Appeal Book BC: What Must Be Locked Before Printing


1) Keep the content lean and in the right order


Appeal books should include only as much evidence as necessary to resolve the issues on appeal.


And the order matters:

  • If the appeal is from a trial, include the necessary evidence in the order it was introduced

  • If the appeal is from a chambers hearing, include the necessary affidavits in the order they were filed

  • If the appeal is directly from a tribunal, include the necessary evidence that was before the tribunal


From a print floor perspective, tighter books are easier to keep accurate—especially once you’re into multiple volumes.


2) Start with clean, legible source documents


Documents shouldn’t be included unless they can be reproduced clearly and legibly.


This is where “it looked fine on screen” can be misleading. Common culprits:

  • faint scans

  • tiny text in exhibits

  • grey-on-grey photocopies


If you have photographs, they need to be reproduced in their original colour.
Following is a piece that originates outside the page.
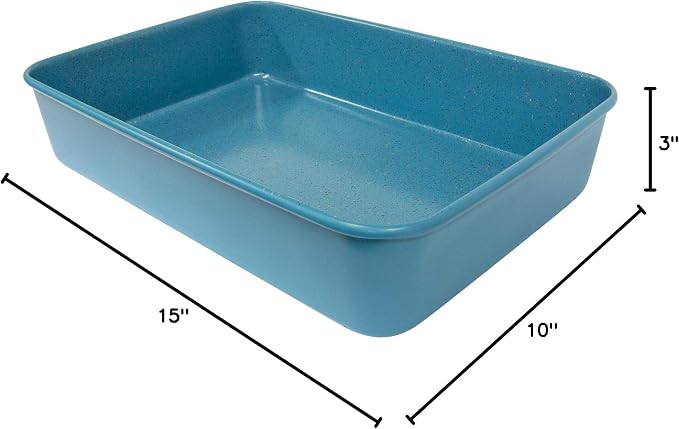 casaWare 15 x 10 x 3-Inch Ultimate Series Commercial Weight Ceramic Coated - Image 5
If a document is borderline readable, production can’t magically make it readable. Better to fix the source file first.


3) Numbering: lock it before you print


Pages need to be numbered sequentially (or Bates numbered), placed at the top centre, and your


The table of Contents has to match that numbering.


This is the #1 place we see avoidable problems—usually because “final” wasn’t actually final.


We often see:

  • An occasional missing page was discovered during printing

  • documents swapped or replaced after numbering, which breaks the whole sequence

  • late insertions that push every page number downstream


Once a book is printed and comb-bound, fixing numbering is rarely a quick tweak. It’s usually a reprint.


4) Table of Contents: clear and specific


Your Table of Contents should be consistent, clear, and built from the final numbering.


It should describe:

Each exhibit

  • exhibit number

  • full description of the document

  • exhibit date

Each affidavit

  • name of the deponent

  • date the affidavit was filed

  • description of any attached exhibits


This isn’t just “clerical.” A strong TOC helps your team (and ours) verify the set quickly before binding.


5) Physical format rules (the part printing can’t be improvised)


Before production starts, confirm the physical requirements are being followed:

  • cover and back page (no clear plastic covers required)

  • printed double-sided

  • Cerlox plastic comb binding in booklet form

  • maximum 500 pages per volume

  • full Table of Contents in each volume

  • volume number on the cover (for example: 1 of 3 volumes)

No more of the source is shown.